Pourquoi cette réforme maintenant ? La ministre assure qu’elle est indispensable face à la concurrence des plateformes internationales et qu’il faut la faire avant la fin du mandat de la présidente de France Télévisions, Delphine Ernotte Cunci, en 2025. Mais, selon un acteur du secteur de l’audiovisuel, c’est aussi un moyen pour elle d’avoir « un bilan » à la Culture avant de briguer la mairie de Paris en 2026.

Pour tenter de rassurer sur le plan financier, le député Renaissance Quentin Bataillon a préparé en parallèle avec l’élu LR Jean-Jacques Gaultier une proposition de loi afin d’acter un fléchage pérenne depuis le budget de l’État au profit du secteur (« prélèvement sur recettes »), sur le modèle du financement des collectivités.

Depuis la suppression de la redevance en 2022, l’audiovisuel public est financé par une fraction de TVA, selon un mécanisme provisoire. Pour aller vite et faire aboutir son projet à l’été ou au début de l’automne, Mme Dati a prévu de recentrer le texte sénatorial sur les questions de gouvernance, en supprimant les autres volets sur la publicité ou la concurrence.

 

Grève

 

Une délégation du syndicat des journalistes CGT a rencontré la ministre de la Culture, Rachida Dati, lundi 29 avril et a pu l’interroger sur ses intentions, jusque-là très floues, concernant l’audiovisuel public.
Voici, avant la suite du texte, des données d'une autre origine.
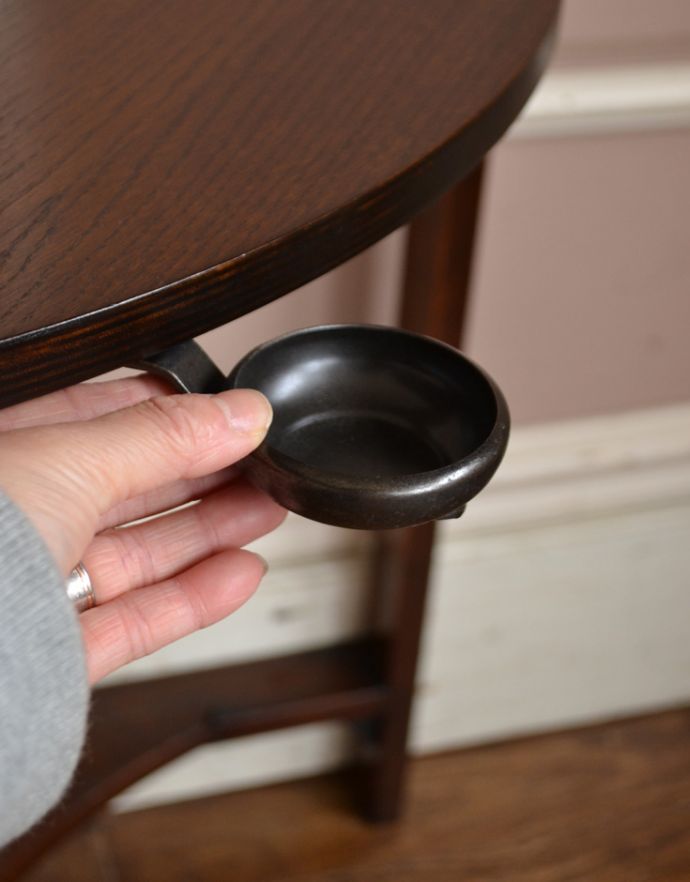 アンティークのテーブル アンティーク家具 アンティークの英国家具、ハーフムーン型のコンソールテーブル。小さなトレーがついていました天板の下には灰皿がついいます。(z-062-f)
Depuis, le SNJ CGT n’a cessé d’alerter sur les dangers de ce texte !

« Rachida Dati reste totalement hermétique aux enjeux sociaux d’une telle fusion qui nécessiterait une renégociation totale des différentes conventions collectives. À la question du risque pour certaines activités, en particulier la radio, de devenir le parent pauvre au sein de la future structure, elle répond simplement que chaque direction aura son mot à dire au sein du conseil d’administration de la holding ou de l’entreprise unique et qu’il ne faudrait donc pas s’en inquiéter ! Nous voilà rassuré », ironise  dans un communiqué le SNJ-CGT,

Le principal argument de Rachida Dati pour imposer cette réforme au pas de charge réside dans le calendrier. « Il faudrait, selon elle, agir maintenant avant la phase de renouvellement des PDG de l’audiovisuel public et avant la campagne électorale des présidentielles, qui repousseraient tout projet à 2028. S’il n’y a pas de réforme, le financement promis jusqu’à 2028 ne sera plus garanti affirme-t-elle. Un chantage inacceptable », selon le SNJ-CGT qui fait valoir qu’une holding ne préservera pas d’éventuelles coupes budgétaires.

Holding ou fusion se révèlent comme les deux faces d’un même projet : celui d’une restructuration potentiellement catastrophique qui risque de déstabiliser et d’affaiblir durablement l’audiovisuel public, en particulier la radio, au prétexte de le renforcer.

Toutes les organisations syndicales devraient déposer des préavis de grève pour les 23 et 24 mai, prochain.